Lets take the example of this Tokenized command, []strings{”SET”, “key_a”, “Hello”, “EX”, “10”} So, on start state parser checks what type of query it is “SET” “GET” etc, on recognizing it parser predicts the next token by setting up the Step field. The next only possible token is key_name hence the step = stepSetKeyName, if the parser doesn't encounter key_name it on transitions throws an error.
For the SET query the state table can be defined as
Current Step | Next Step |
---|---|
SET | key_name |
key_name | value |
value | EX or NX/XX or Final |
EX | NX/XX of Final |
NX/XX | Final |
The above state table can be implemented with a Switch case inside a for loop, looping over Tokens slice.
for {
if p.i > len(p.queryTokens) {
return p.Query, nil
}
switch p.step {
case stepType:
switch strings.ToUpper(p.peek()) {
case "SET":
p.Query.Type = "SET"
p.step = stepSetKeyName
p.pop()
case "GET":
p.Query.Type = "GET"
p.step = stepGetKeyName
p.pop()
default:
return nil, fmt.Errorf("invalid command")
case stepSetKeyName:
//implementation
p.step = stepValue
p.pop()
case stepValue:
//implementation
//Now we have a choice if we encounter EX or NX/XX token we transition to the respective state else
// if no new token is present that means the transition to final.
if p.peek() != "" && p.peek() == "EX" {
p.step = stepExpiry
} else if p.peek() != "" && (p.peek() == "NX" || p.peek() == "XX") {
p.step = stepExist
continue
} else {
return nil, fmt.Errorf("invalid format")
}
p.pop()
}
}
}
You will notice two functions Peek() and Pop() getting used extensively. As LL1 is a protective parser, while it is in the state it looks i.e. peek in the tokens slice for the next coming token and makes the decision according to if the next token is EX then we move to step stepExpiry by making step = stepSetKeyName which is checked by switch case.
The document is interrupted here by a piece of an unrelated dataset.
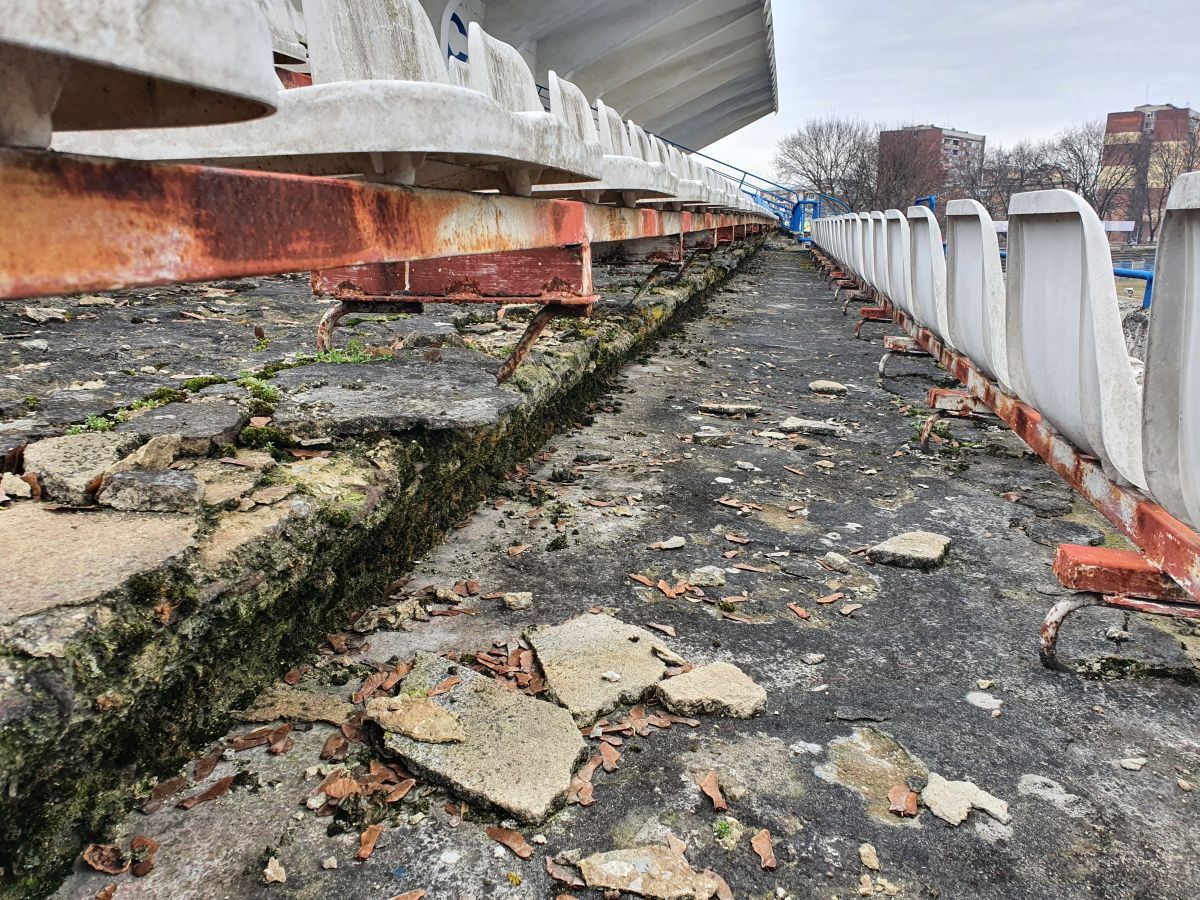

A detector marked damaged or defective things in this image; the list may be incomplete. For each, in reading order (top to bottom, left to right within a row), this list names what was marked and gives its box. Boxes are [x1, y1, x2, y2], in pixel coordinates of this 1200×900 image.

cracked concrete surface [44, 252, 1200, 900]
rusted metal seat leg [1036, 595, 1099, 672]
Write the value to the store, it has a few optional parameters
- EX - to set the key expiry time limit
{
"command": "SET key_a Hello EX 10"
}
- NX/XX - Specifies the decision to take if the key already exists. NX -- Only set the key if it does not already exist. XX -- Only set the key if it already exists.
{
"command": "SET key_a Hello NX"
}
{
"command": "SET key_a Hello XX"
}
Retrieve the key value using GET
{
"command": "GET key_a"
}
The data store can also store a list of values using QPUSH, there can be multiple lists at a given time. We can also update the same list by doing QPUSH again with same list name.
{
"command": "QPUSH list_A 1 2 3 4"
}
To pop the last stored value of the list.
{
"command": "QPOP list_A"
}
This command is very similar to QPOP but, if the list is empty it waits for X seconds, and if with X seconds some other client pushes Valuse into the same queue it returns that.
{
"command": "BQPOP list_A 10"
}
Here if list_A is empty datastore waits for 10 secs, waiting if somone pushes the value into the queue. Then it returns that newly pushed value.